The environment protection industry in China, essentially launched in 2005, has exploded as the government continues to ramp up its commitment to cleaner air, cleaner water, cleaner industry and cleaner communities.
In the 10 years to 2015, annual industry revenue grew between 26 percent and 31 percent. By 2016, the industry had revenue of 1 trillion yuan (US$154.48 billion), even as growth slowed to between 14 percent and 20 percent.
“Overall, growth may be cooling a little, but that may not be the case for every company in the industry,” Long said. “In our early stages, SUS Environment only sold waste incineration facilities. As the company accumulated capital, we began investing in building and operating incineration plants.”
Before 2020, the Chinese government largely focused on solving immediate environmental problems, like air pollution, but now it has the capability, time and determination to expand that focus to repairing the damage of the past.

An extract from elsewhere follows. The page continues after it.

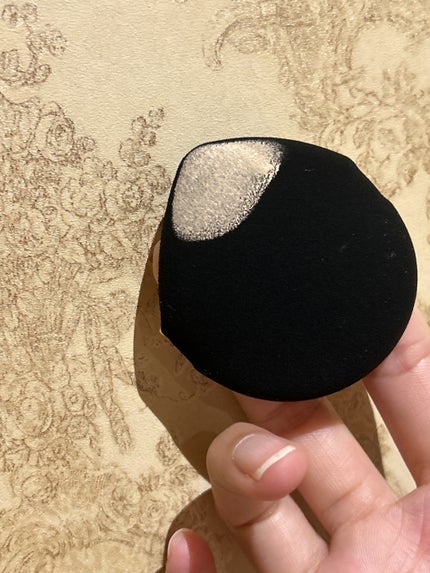 保湿力スキンケアバームファンデーション/乾燥さん/その他ファンデーションを使ったクチコミ(6枚目)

China’s rapidly growing economy in recent decades has caused some environment problems, among them urban smog and polluted waterways. As population grew, so did household garbage, straining the capacity of landfills.

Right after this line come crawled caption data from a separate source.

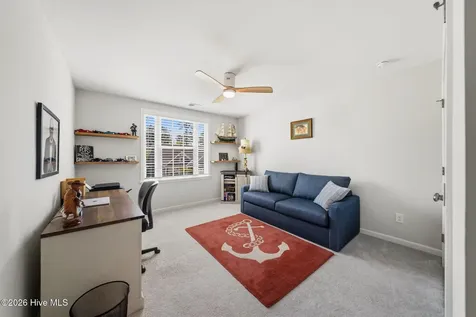 4949 Glen Garden Circle Leland NC 28451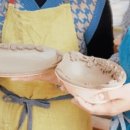 도연도자기 이미지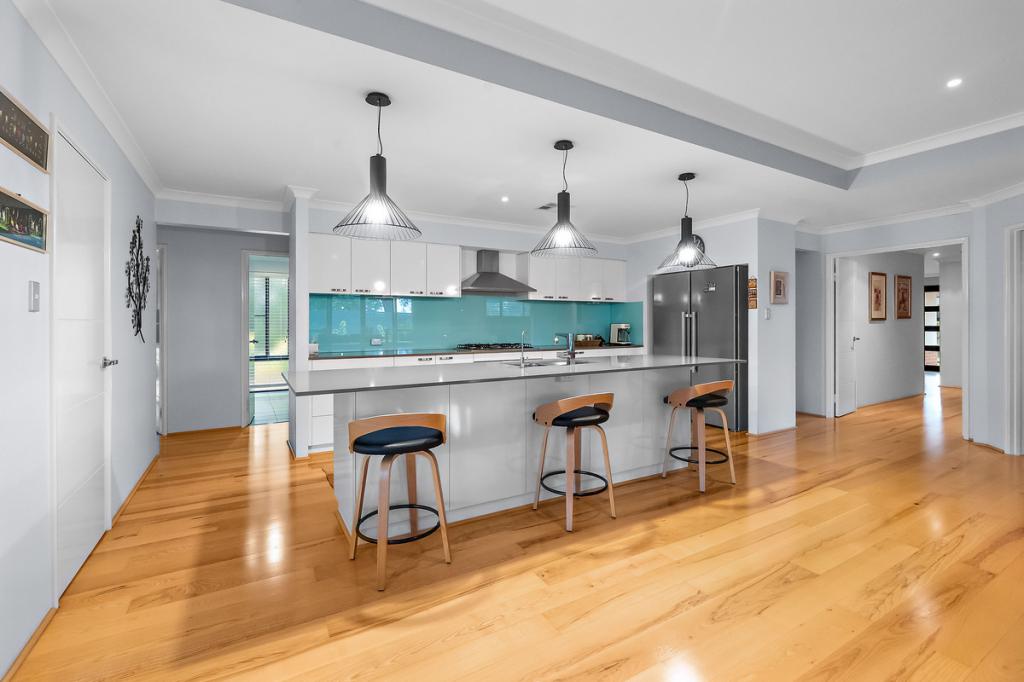 24 Meldrum Loop, Bedfordale, WA 6112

Since 2019, the Chinese government has rolled out a series of new and tougher environmental laws, providing expanded opportunities for industry players like SUS Environment and even foreign rivals.
In mid-January, Suez, a France-based utility company operating in water and waste management sectors, bought out the stakes of two former Chinese partners and expanded its footprint in the nation.
“Competition in the industry is fierce,” says Steve Clark, chief executive officer of Suez Asia. “More Chinese capital is pouring in. Some companies entered the sector after seeing business opportunities. Recently, there have been many mergers and acquisitions. Chinese companies are not only strong competitors in the domestic market but also in overseas markets.”
But he added, “There are still huge opportunities for us. We will more focus on businesses such as complex water treatment, industrial park projects, hazardous waste treatment and soil remediation, which demand more advanced technology.”
He said China’s need for repairing soil degradation is probably the biggest in the world.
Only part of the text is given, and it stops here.